The Final Blessing
Moses gives his last speech to his people.
The late Rev. Dr. Martin Luther King Jr. invoked the scene on Mount Nebo in the famous speech he delivered in Memphis the day before he was assassinated (1968). He said: "Well, I don't know what will happen now. We've got some difficult days ahead. But it doesn't matter with me now. Because I've been to the mountaintop. And I don't mind. Like anybody, I would like to live a long life. Longevity has its place. But I'm not concerned about that now. I just want to do God's will. And He's allowed me to go up to the mountain. And I've looked over. And I've seen the promised land. I may not get there with you. But I want you to know tonight, that we, as a people, will get to the promised land" (I See the Promised Land," April 3, 1968).

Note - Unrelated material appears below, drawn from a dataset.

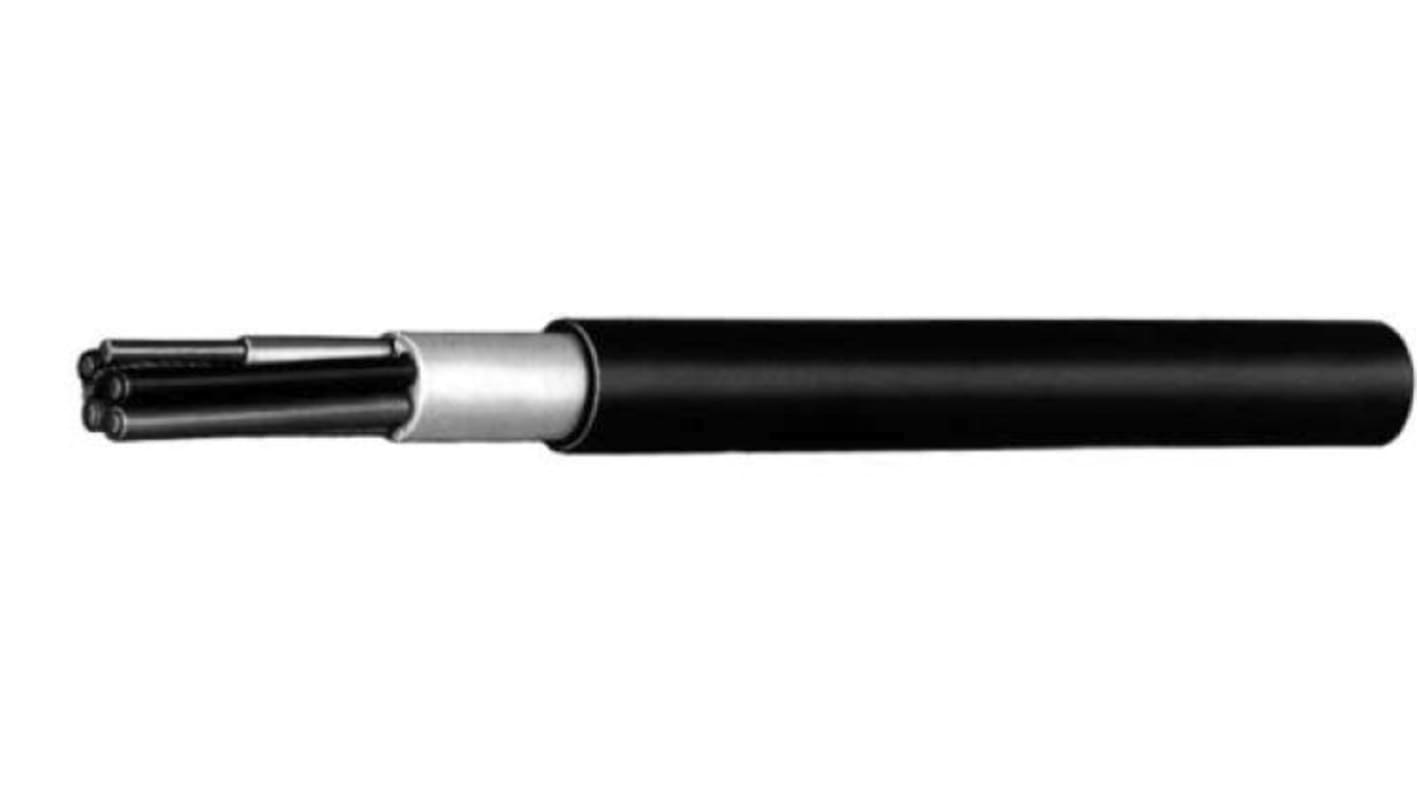 RS PRO Multicore Industrial Cable, 5 Cores, 4 mm², Unscreened, 100m, Black PVC Sheath, 11 AWG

This speech turned out to be Dr, King's last. Like Moses, his final words were a blessing for justice and peace in the service of God. This legacy of hope and vision of who we can and must become urges us on, reminding us of the dreams that remain for us to actualize.
Whenever we finish a book of the Torah in the synagogue's cycle of readings, those who are present respond immediately with three words: Chazak, chazak, v'nitchazek! Be strong, be strong [in the singular] and we will be strong [in the plural]." My late father, Rabbi Wolfe Kelman, taught: Why do we say chazak twice, when once would be enough? It is to tell us that if you and I each are strong, then together we are even stronger. In other words, this is a true "win/win" situation: I need you to be strong so I can be strong too.
My father's lesson is especially true for the Jewish people today. As Jewish women, we need to be strong so that we can experience and contribute to the fullness of our Jewish tradition. Women's entry into the leadership of Jewish life and their involvement in every aspect of communal, religious, and intellectual life is the blessing of the last 30 years. Women have opened new vistas, introduced innovations in every vital sphere of Jewish living, and empowered themselves and their daughters and granddaughters. The Jewish world has been profoundly reshaped: yet there is still a way to go.
Future generations of women must continue to redefine family and work, renew ritual, scale new horizon s of scholarship, write liturgy and poetry, and make music, all the while recreating the Jewish community and its structures. The Jewish people can only be strong when it embraces all of its members; it takes the involvement of both Jewish women and Jewish men to make our community fuller and more vibrant.
Thus, the reading of the Torah ends with blessings and the charge to strengthen ourselves and our community. Moses teaches us to reach for blessings for ourselves and others, to strive for the humility to know our task, and to dream of how to transform what is to what can be.